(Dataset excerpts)
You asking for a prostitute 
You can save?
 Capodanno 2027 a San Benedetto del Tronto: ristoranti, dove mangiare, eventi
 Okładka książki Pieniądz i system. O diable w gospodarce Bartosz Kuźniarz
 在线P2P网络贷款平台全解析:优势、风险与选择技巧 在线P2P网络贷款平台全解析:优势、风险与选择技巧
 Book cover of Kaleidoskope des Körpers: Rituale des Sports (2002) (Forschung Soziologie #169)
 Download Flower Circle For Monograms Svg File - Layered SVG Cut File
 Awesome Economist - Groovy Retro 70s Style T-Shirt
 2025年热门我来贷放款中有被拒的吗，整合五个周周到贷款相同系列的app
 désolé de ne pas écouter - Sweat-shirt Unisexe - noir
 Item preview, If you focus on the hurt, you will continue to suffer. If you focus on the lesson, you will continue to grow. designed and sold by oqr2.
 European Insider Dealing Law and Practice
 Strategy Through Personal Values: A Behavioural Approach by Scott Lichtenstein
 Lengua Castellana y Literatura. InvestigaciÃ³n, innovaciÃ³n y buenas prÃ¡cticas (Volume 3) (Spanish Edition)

#### Assignment:
Your task is to retype the entries verbatim, starting with the line that holds "Capodanno 2027 a" and stopping after the line that holds "2025年热门我来贷放款中有被拒的吗，整合五个周周到贷款相同系列的app".

#### Written solution:
 Capodanno 2027 a San Benedetto del Tronto: ristoranti, dove mangiare, eventi
 Okładka książki Pieniądz i system. O diable w gospodarce Bartosz Kuźniarz
 在线P2P网络贷款平台全解析:优势、风险与选择技巧 在线P2P网络贷款平台全解析:优势、风险与选择技巧
 Book cover of Kaleidoskope des Körpers: Rituale des Sports (2002) (Forschung Soziologie #169)
 Download Flower Circle For Monograms Svg File - Layered SVG Cut File
 Awesome Economist - Groovy Retro 70s Style T-Shirt
 2025年热门我来贷放款中有被拒的吗，整合五个周周到贷款相同系列的app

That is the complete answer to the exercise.